Academic journal article The Comparatist

The Asian Threat in Europe: Topical Connections between the Serial Novels Anna Karenina and Effi Briest

Academic journal article The Comparatist

The Asian Threat in Europe: Topical Connections between the Serial Novels Anna Karenina and Effi Briest

Article excerpt

Scholars have drawn parallels between Leo Tolstoy's Anna Karenina (1875-77) and Theodor Fontane's Effi Briest (1894-95) that cover such aspects as the circumstances under which two unhappy marriages formed (Stern), the manner in which the civil service drives the plots of both novels (Zimmermann), and the significance of children in novels of adultery (Overton). Such comparisons have provided insights into thematic similarities, but they have tended to focus on the two works published as single volumes rather than on their original form as serial novels in the journals Russkij Vestnik" (The Russian Herald) and the Deutsche Rundschau. Consequently, it has been difficult to discern another striking commonality: Anna Karenina was published during the build-up to the Russo-Turkish War (1877-78) and Effi Briest during the Sino-Japanese War (1894-95). Moreover, both were linked to debates taking place in the various articles published alongside them on contemporary cultural and political issues. While neither novel directly referenced the articles in their respective journals, both meshed topically with reports that suggested that Asia posed a threat to European civilization.

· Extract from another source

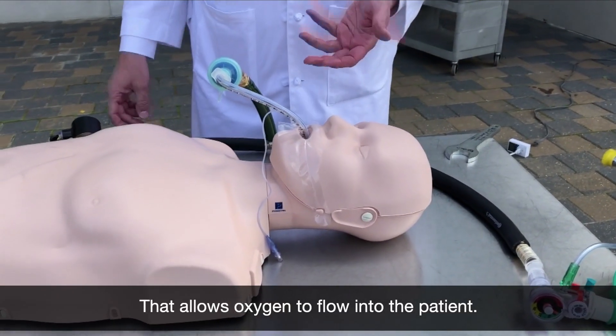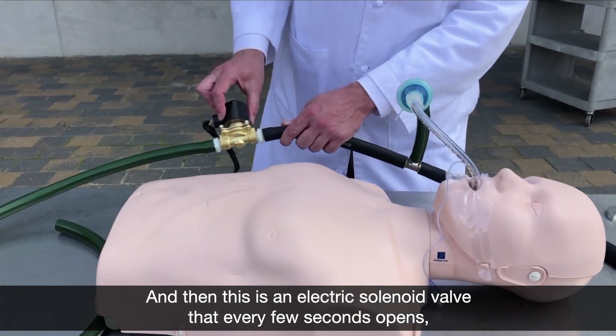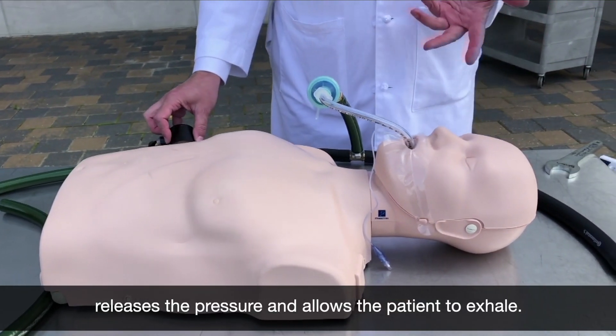That allows oxygen to flow into the patient. This is an electric solenoid valve that every few seconds opens, releases the pressure, and allows the patient to exhale.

The immediate link between Tolstoy's work and various articles in the journal are the many references to Turks at a time when war between Russia and the Ottoman Empire seemed imminent. When the people of the Balkans revolted against the Turks in 1875 and thousands of Bulgarians were killed, Russians were horrified. Panslavists in Russia called for the unification of all Slavs, and countless Russians volunteered to join the fight against the Turks. In 1876, Tolstoy went to Moscow to inform himself on the war that seemed likely to erupt (Eikhenbaum 123), and in the final section of Anna Karenina he questioned the sincerity of the movement under way in his country to unite all Slavs against the Turks. Tolstoy's critique ran counter to ideas in many of the articles in the Russkij Vestnik", which not only outlined the frictions in the region but also expressed views similar to those of the Panslavists, sometimes even pointing out that the problem was that the Turks were not Europeans but Asians. Not surprisingly, the editor Mikhail Katkov refused to publish the final part of Anna Karenina.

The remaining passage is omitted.